Позвони мне - Борис Михайлович Дмитриев
Василий Иванович с удовлетворением отметил про себя, что уже полностью готов не хуже Фурманова заведовать политучебой не только среди рядового, но и командного состава. Возникло приятное ощущение, будто он и сам причастен к написанию «Капитала».
– Удивительное дело, – своим чередом не сдавался своенравный денщик, – хорошо помню, как убелённые сединами профессора страстно призывали, заклинали студентов служить одному только вечному искусству. Делали это, доложу вам, весьма убедительно, и, признаться, многие охотно верили им. Согласитесь, в призывах почтенных наставников был здравый смысл. Зачем же служить тому, кто в твоих услугах, быть может, и не очень нуждается.
– Эх ты, недотёпа, неправильно вас учили, совсем не по-революционному, – категорически запротестовал Чапай. – У тебя же есть голова на плечах, сам рассуди. Личный состав не покладая мозолистых рук содержит служителей муз: кормит их, одевает, строит больницы, жильё. Вот за всё это благодарное искусство и должно не оставаться перед щедрым народом в долгу. Всегда справедливо ожидать, чтобы на добро отвечали добром. Если я проявляю ежедневно заботу и снабжаю ездовую кобылу неплохим фуражом, должна же и она отвечать благодарностью.

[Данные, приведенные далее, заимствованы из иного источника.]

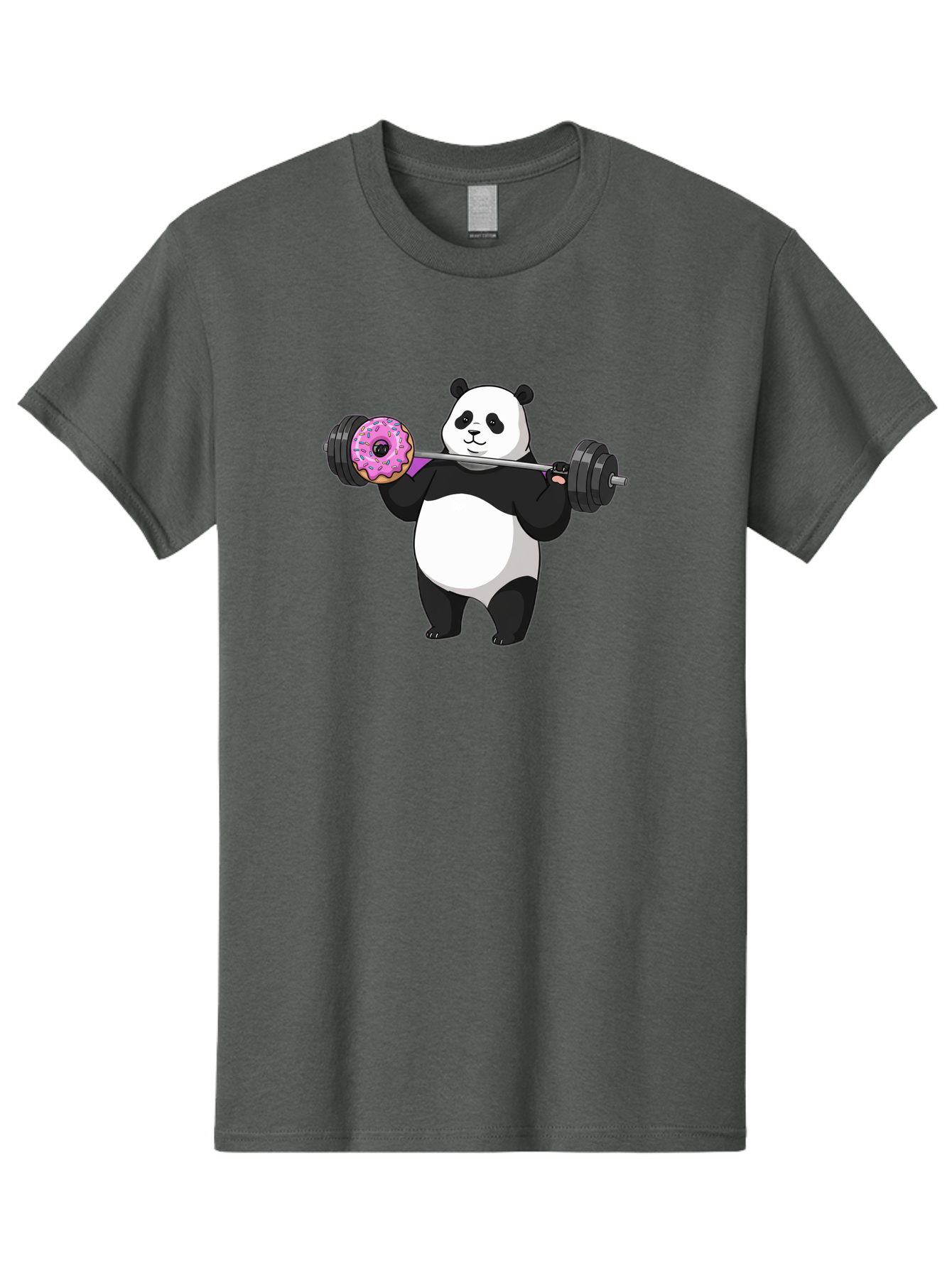 Panda-Lifting-Donut Men'S Graphic Tee, 100% Cotton, Comfortable Casual Summer Wear, Machine Washable, Vintage Camera, Old Camera, Antique Camera, Black Camera, Classic Photography, Photography Equipment, Nostalgic Device, Film Camera, Baf947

– Может, вы и правы, Василий Иванович, но сравнивать Шекспира с вашей кобылой мне до сегодняшнего дня просто в голову не приходило. Мне кажется, что этого гениального человека специально никто ничем не задабривал, не брал на своё попечение. Он, как и все великие люди, щедрой рукой расточал неземные плоды освящённого небом таланта. Может, оставить в покое и наших пролетарских служителей муз, пускай порхают на воле, как птицы небесные. Всё-таки хорошо, когда никто никому ничем не обязан и не требует друг от друга наград.
Василий Иванович, разумеется, не лишён был своих представлений о Вильяме Шекспире. И насчёт перед сном помолиться с Дездемоной, и по поводу «Убить или не убить» имел свои, опытом Георгиевского кавалера выстраданные убеждения. Однако какое отношение имеют все эти гамлеты и датские короли к революционной обстановке в дивизии, понимал с трудом. Поэтому деликатно подвёл разговор о проблемах искусства поближе к местным, доморощенным повелителям муз.
– Дался тебе этот Шекспир, зачем нам нужны чужие кумиры, давай лучше о своих писателях поговорим. Наша дивизия талантами не обделена, русские люди башкою крепки и изобретательны. Что ты можешь сказать, например, про писателя Михаила Булгакова, он талантливый сочинитель или же нет? Его романы добавят могущества русскому слову, принесут литературные лавры нашему дорогому Отечеству?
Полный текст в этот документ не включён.